INPUT MATERIAL:
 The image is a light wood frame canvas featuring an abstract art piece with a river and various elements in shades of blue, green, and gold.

==

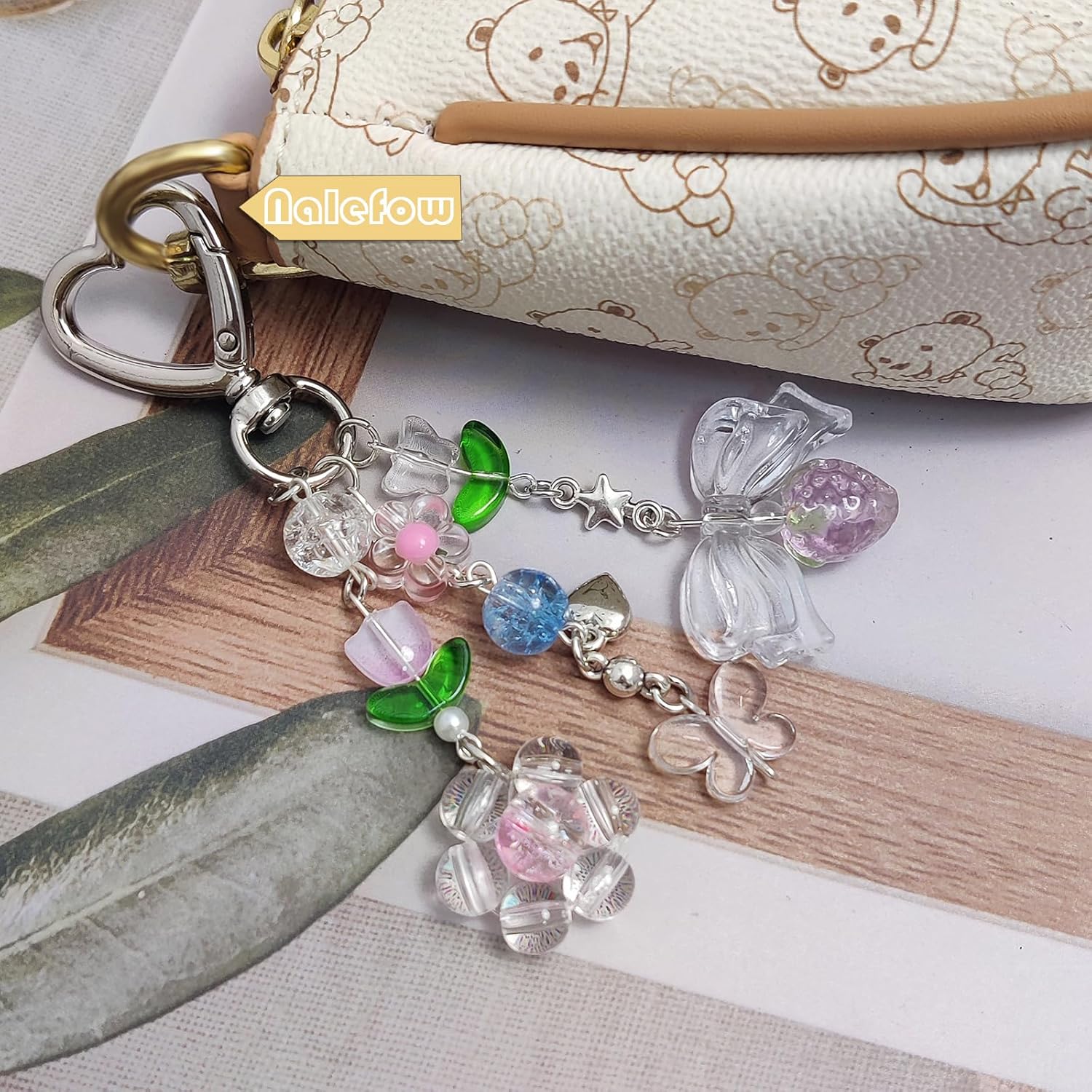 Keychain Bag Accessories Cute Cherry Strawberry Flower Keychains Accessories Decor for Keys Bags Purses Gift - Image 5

==

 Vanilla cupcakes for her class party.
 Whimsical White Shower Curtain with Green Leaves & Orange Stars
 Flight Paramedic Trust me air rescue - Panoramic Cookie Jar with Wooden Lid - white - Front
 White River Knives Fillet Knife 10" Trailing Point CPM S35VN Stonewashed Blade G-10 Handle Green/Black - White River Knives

WORK REQUIRED:
Among the entries above, copy exactly only the lines starting with the one containing "Flight Paramedic Trust" and going through the one containing "White River Knives Fillet", both ends included.

YOUR SOLUTION:
 Flight Paramedic Trust me air rescue - Panoramic Cookie Jar with Wooden Lid - white - Front
 White River Knives Fillet Knife 10" Trailing Point CPM S35VN Stonewashed Blade G-10 Handle Green/Black - White River Knives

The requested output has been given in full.